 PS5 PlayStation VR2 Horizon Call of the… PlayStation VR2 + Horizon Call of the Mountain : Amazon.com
* * *
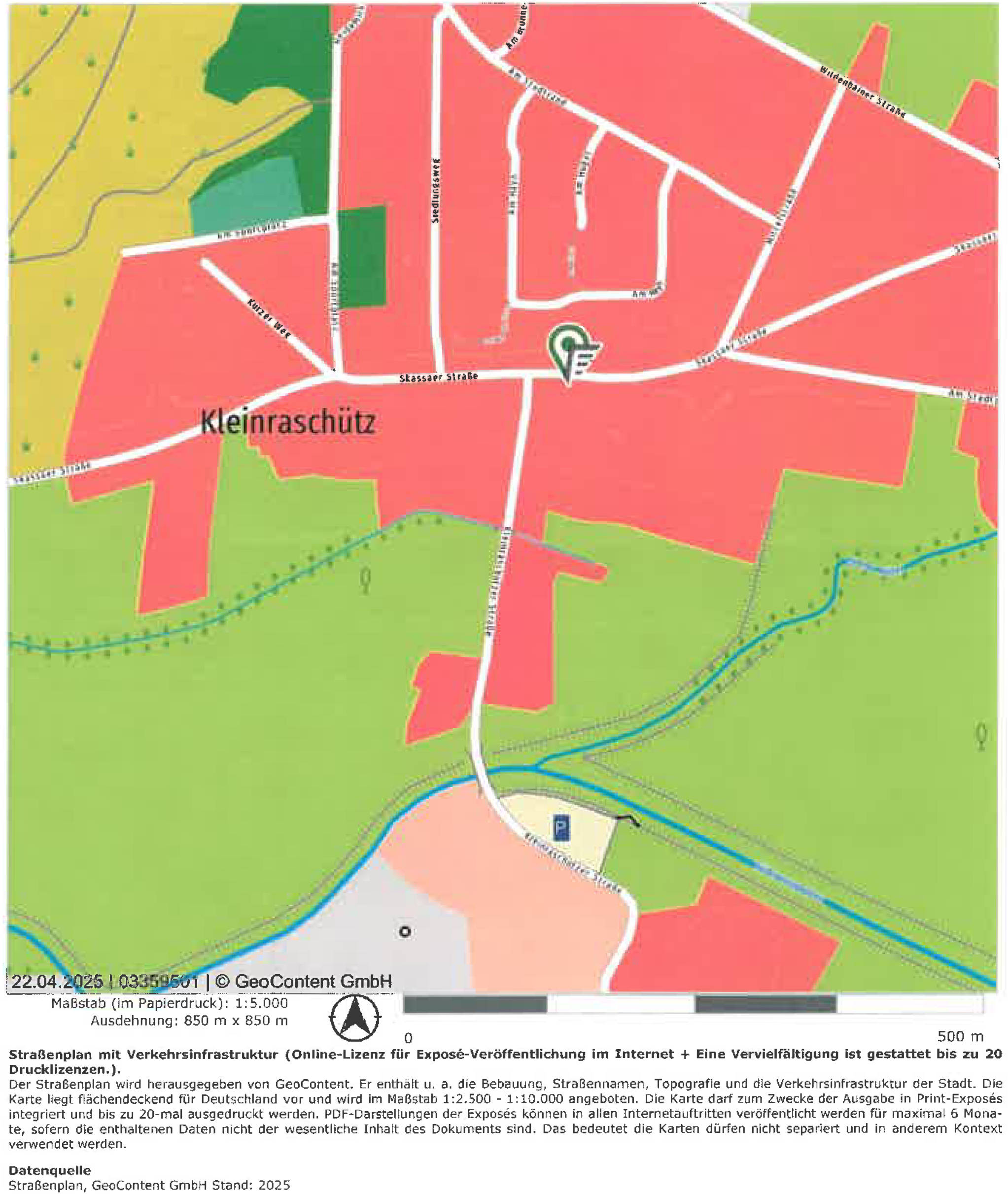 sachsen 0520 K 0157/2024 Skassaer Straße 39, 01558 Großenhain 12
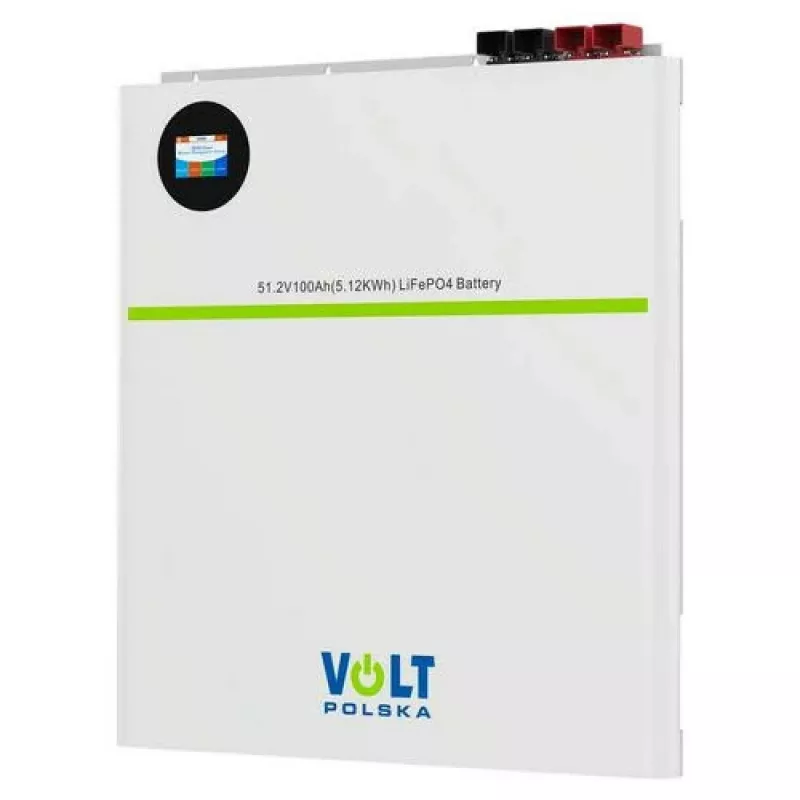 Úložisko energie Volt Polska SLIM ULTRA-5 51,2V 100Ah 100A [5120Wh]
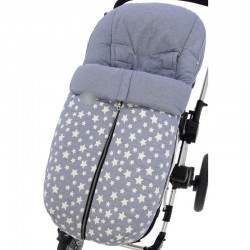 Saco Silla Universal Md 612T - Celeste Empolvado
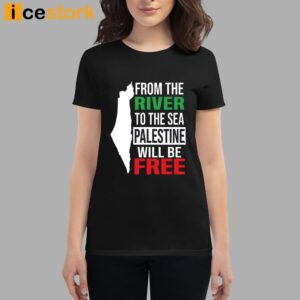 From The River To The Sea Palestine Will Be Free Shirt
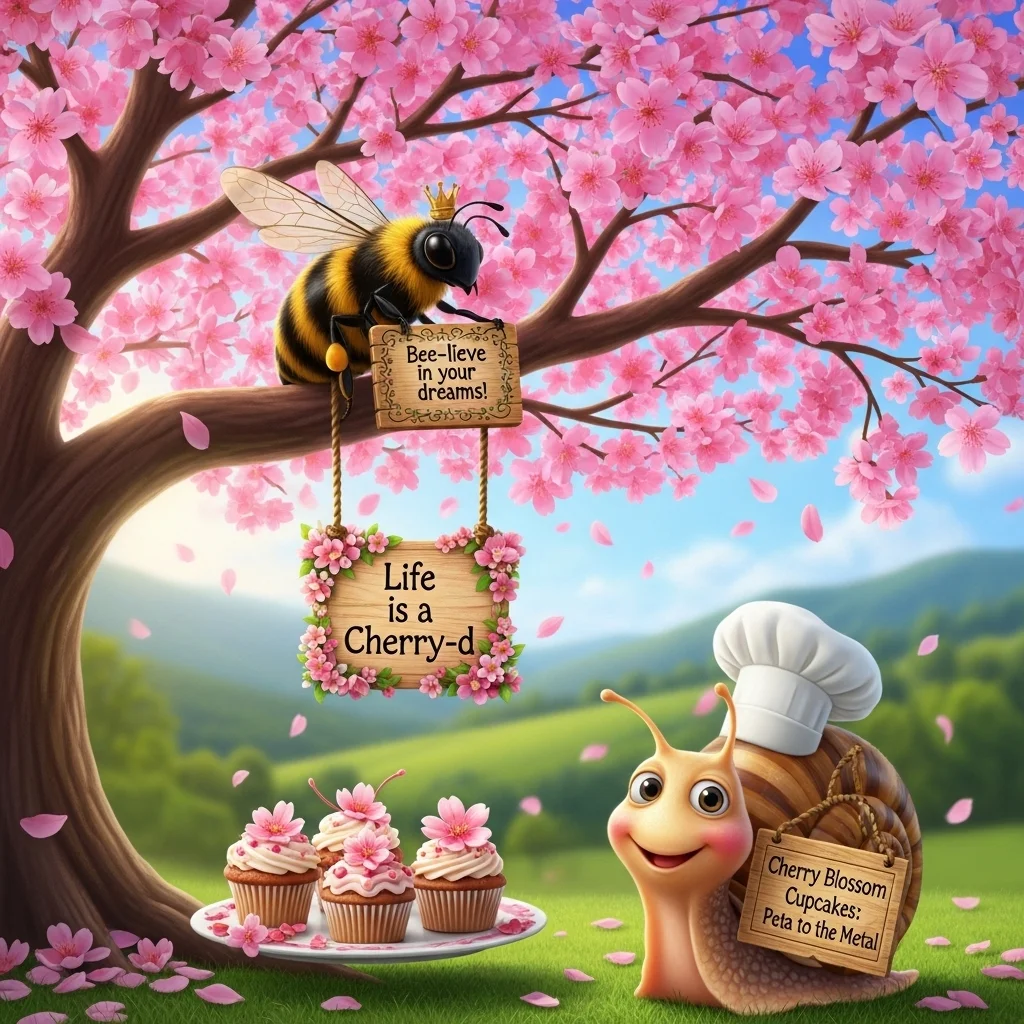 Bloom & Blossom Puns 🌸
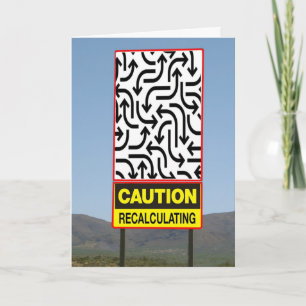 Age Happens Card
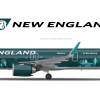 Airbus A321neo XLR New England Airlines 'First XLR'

- _HOW TO COMPLETE THIS TASK_
Would you transcribe the lines above exactly, going from the line bearing "From The River" through the line bearing "Airbus A321neo XLR", and drop the pictures from the copy?

- _ANSWER SPACE_
 From The River To The Sea Palestine Will Be Free Shirt
 Bloom & Blossom Puns 🌸
 Age Happens Card
 Airbus A321neo XLR New England Airlines 'First XLR'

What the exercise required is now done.